▸ **How to complete this task**
Exactly reproduce each of the entries shown below.

==== Data for processing

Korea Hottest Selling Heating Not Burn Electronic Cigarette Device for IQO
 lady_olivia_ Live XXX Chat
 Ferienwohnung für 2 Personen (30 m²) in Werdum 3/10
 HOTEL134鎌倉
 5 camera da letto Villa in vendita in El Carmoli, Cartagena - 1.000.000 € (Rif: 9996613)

========

▸ **Finished task**
Korea Hottest Selling Heating Not Burn Electronic Cigarette Device for IQO
 lady_olivia_ Live XXX Chat
 Ferienwohnung für 2 Personen (30 m²) in Werdum 3/10
 HOTEL134鎌倉
 5 camera da letto Villa in vendita in El Carmoli, Cartagena - 1.000.000 € (Rif: 9996613)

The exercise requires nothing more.